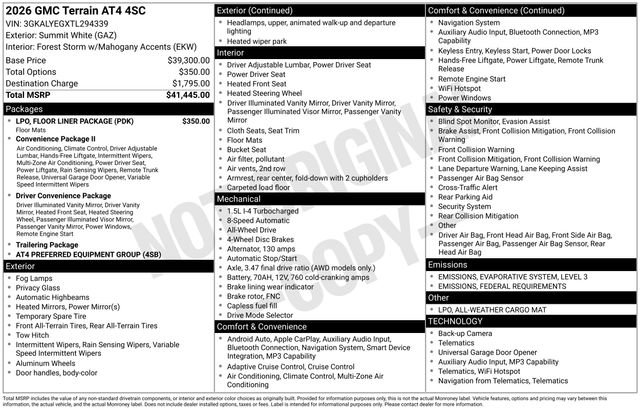 New 2026 GMC Terrain AT4 w/ LPO, Floor Liner Package image 7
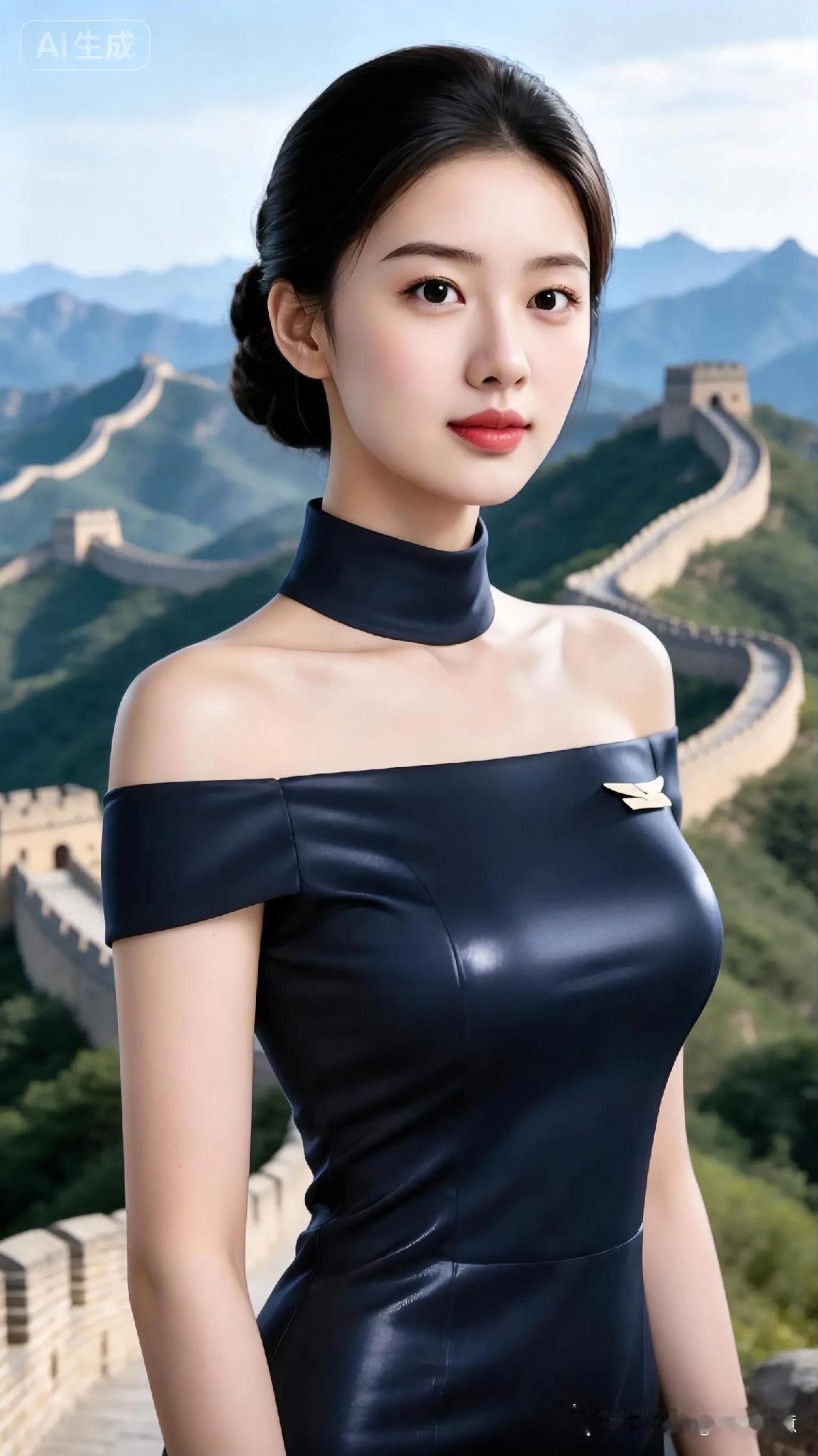 惊艳的东方美人与壮丽的长城相映成趣，尽显古典与现代的完美融合！长城旅游照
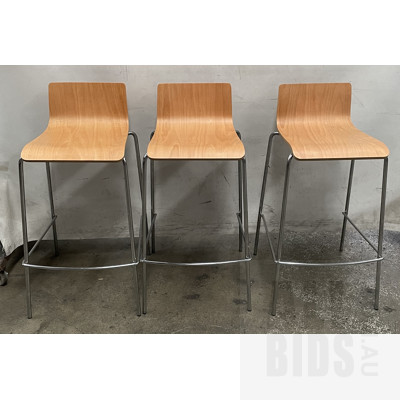 Contemporary Chrome And Timber Bar Stools - Lot Of Three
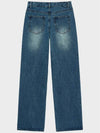 Classic Straight Denim Wide Pants Mid Blue - NOIRER FOR WOMEN - BALAAN 8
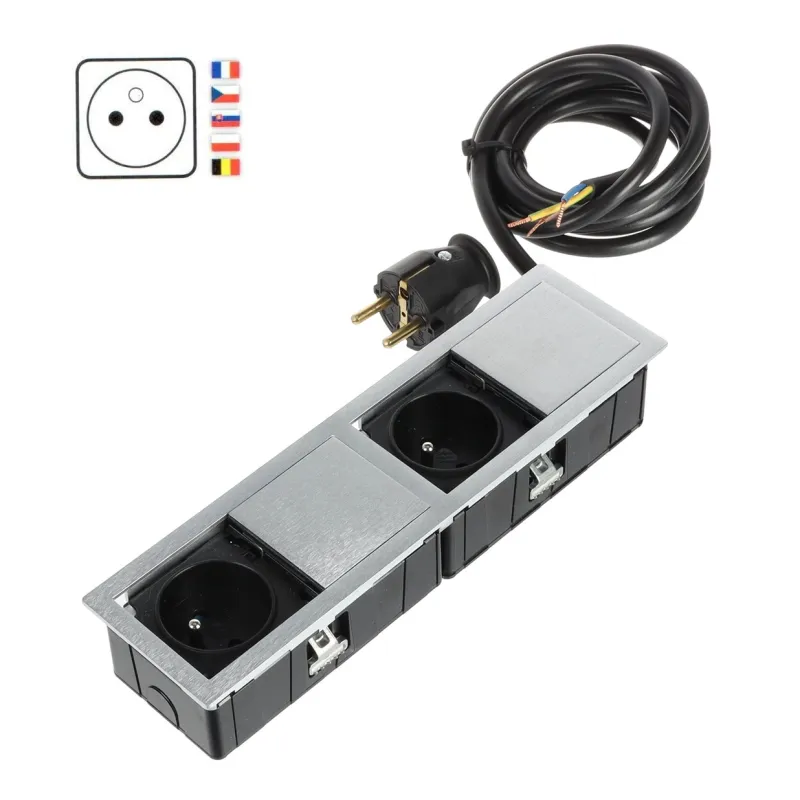 Električna utičnica VersaHit Mono Combi FRENCH 2 x 230V / Nehrđajući čelik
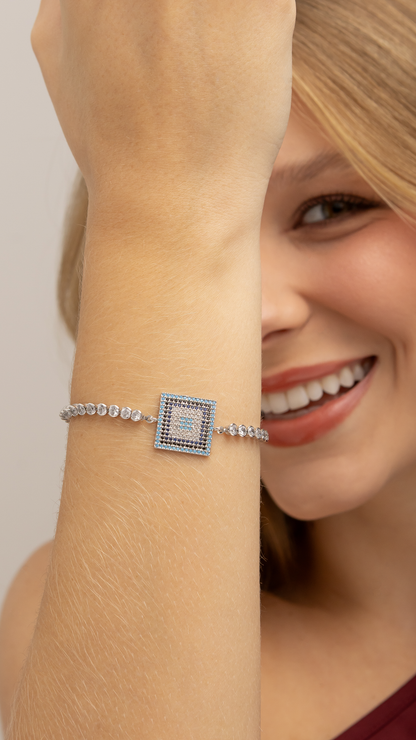 Pulseira Gravatinha Olho Grego Estilizado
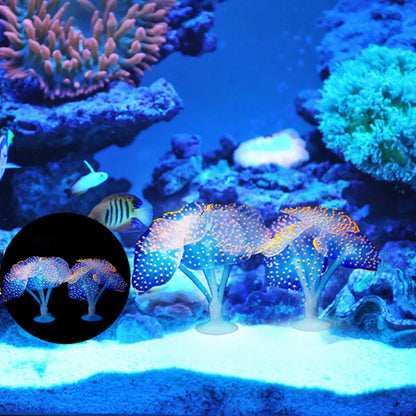 Luminous Silicone Anemone Aquarium Ornament – Glowing Artificial Coral Plant Decor for Fish Tanks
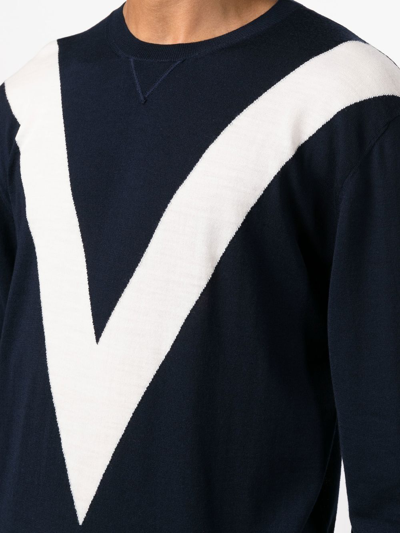 Shop Valentino Logo-print Wool Jumper In Blue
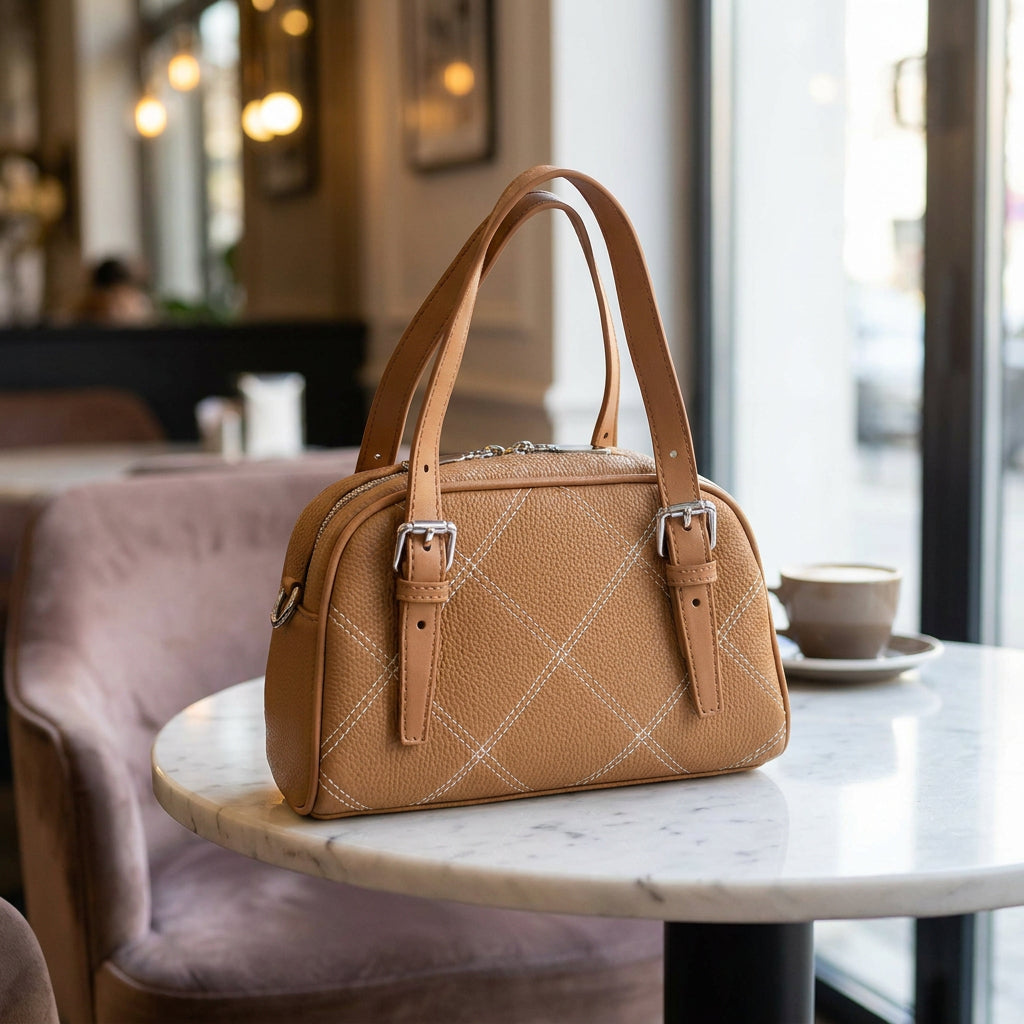 Women's Leather Satchel Handbag Quilted Stitch Design Anya Tan  10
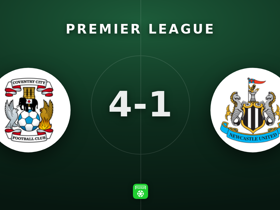 Premier League: Coventry 4-1 Newcastle — Thomas: 16 sapuan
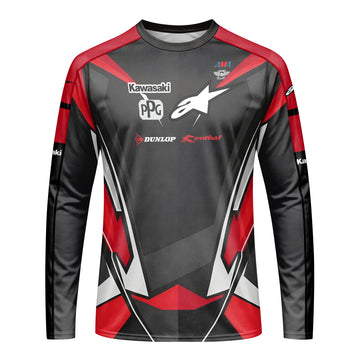 Tomac #3 Kawasaki Alpinestars Black Red Long Sleeve Motocross Jersey – Front View Mockup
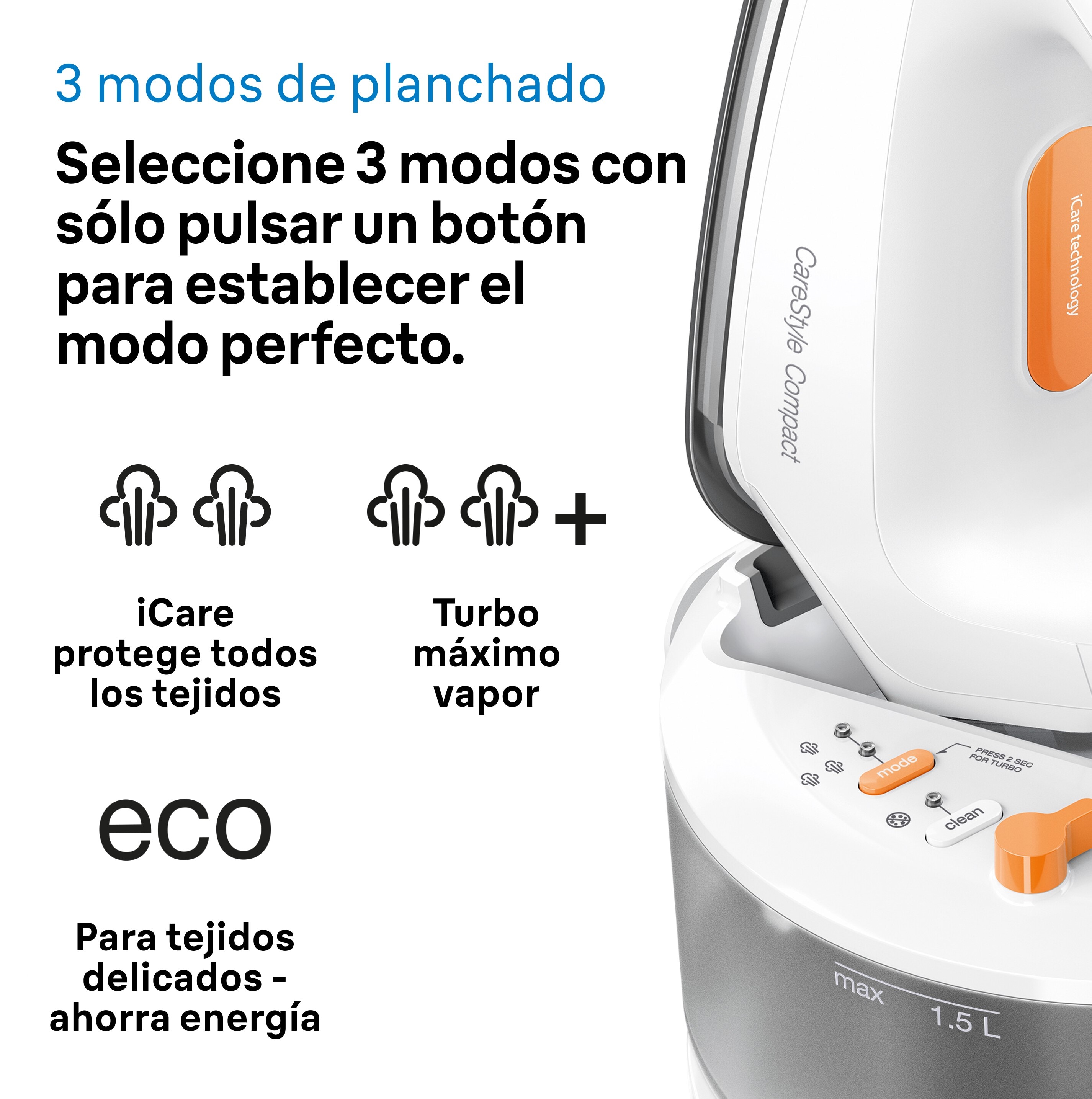 Centro de planchado Braun CareStyle Compact IS2132WH con tecnología DoubleSteam Blanco-3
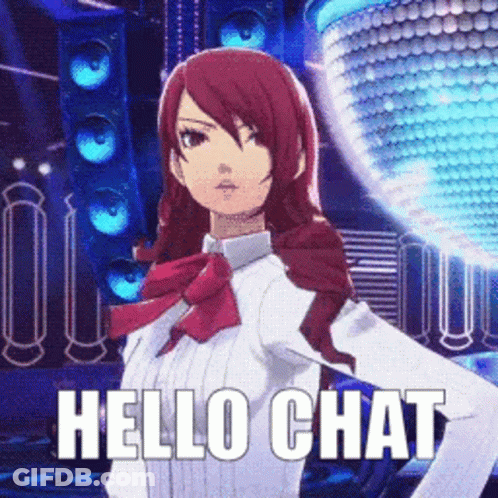 Red-Haired Girl With Bow Tie Saying Hello Chat GIF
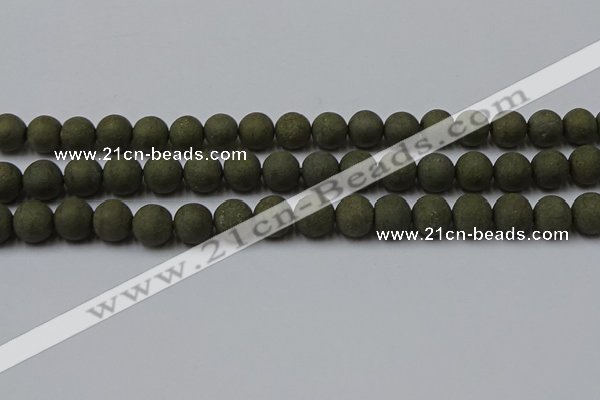 CPY815 15.5 inches 8mm round matte pyrite beads wholesale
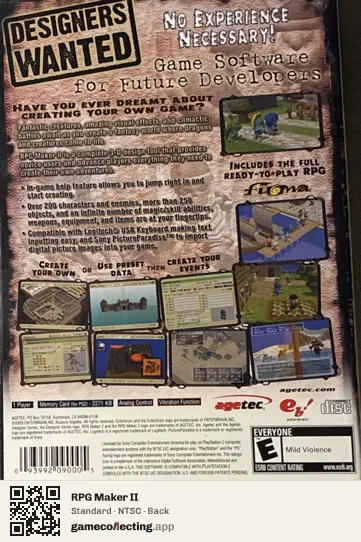 RPG Maker II PlayStation 2, NTSC box back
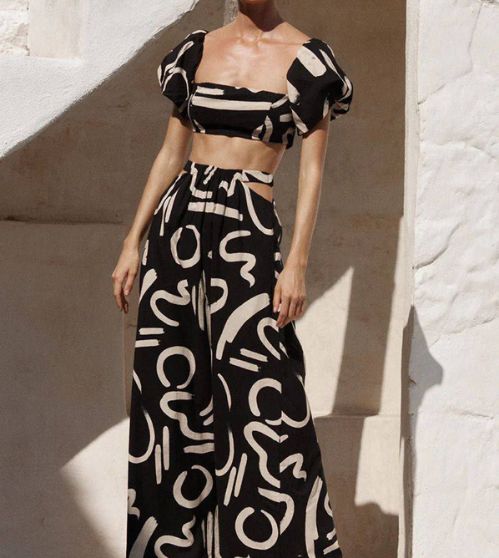 Olivia - Top en Rok Set met Abstracte Print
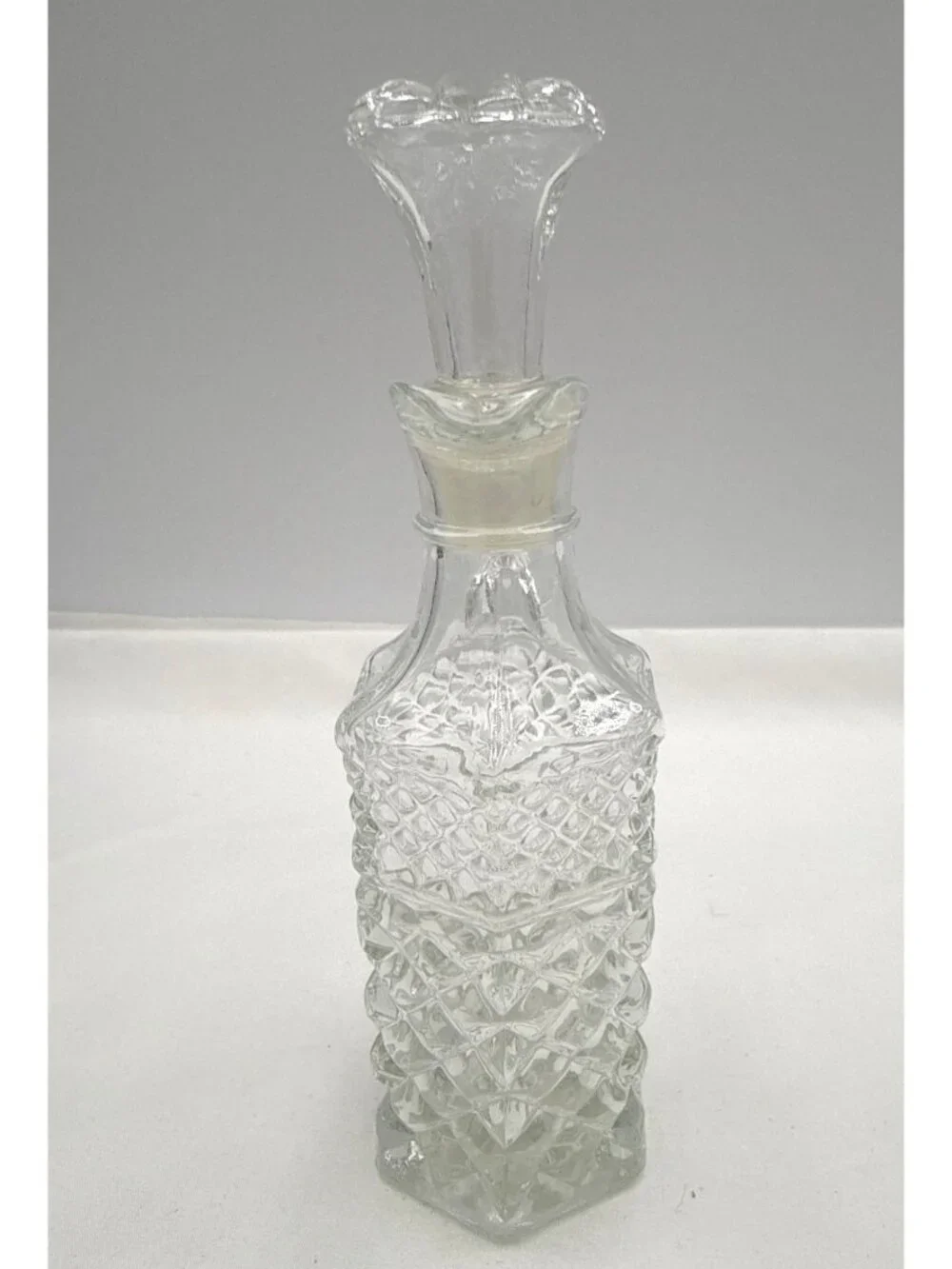 Vintage Glass Oil & Vinegar Cruet W/ Stopper Diamond Pattern Clear Glass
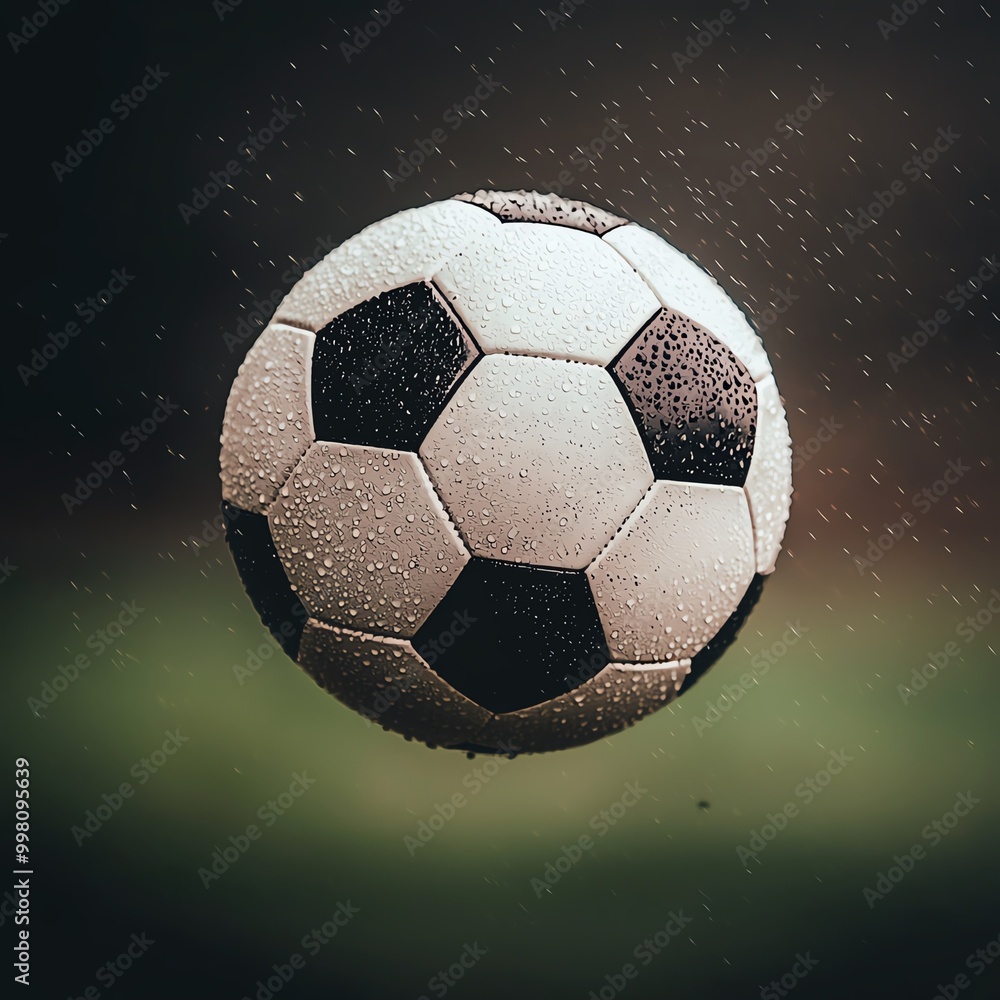Naklejka premium Soccer ball with water droplets, dynamic background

===

■ **Task brief**:
Leave the pictures out. Extract exactly the lines running from the one with "Tomac #3 Kawasaki" through the last entry, both ends included.

■ **Result of the task**:
 Tomac #3 Kawasaki Alpinestars Black Red Long Sleeve Motocross Jersey – Front View Mockup
 Centro de planchado Braun CareStyle Compact IS2132WH con tecnología DoubleSteam Blanco-3
 Red-Haired Girl With Bow Tie Saying Hello Chat GIF
 CPY815 15.5 inches 8mm round matte pyrite beads wholesale
 RPG Maker II PlayStation 2, NTSC box back
 Olivia - Top en Rok Set met Abstracte Print
 Vintage Glass Oil & Vinegar Cruet W/ Stopper Diamond Pattern Clear Glass
Naklejka premium Soccer ball with water droplets, dynamic background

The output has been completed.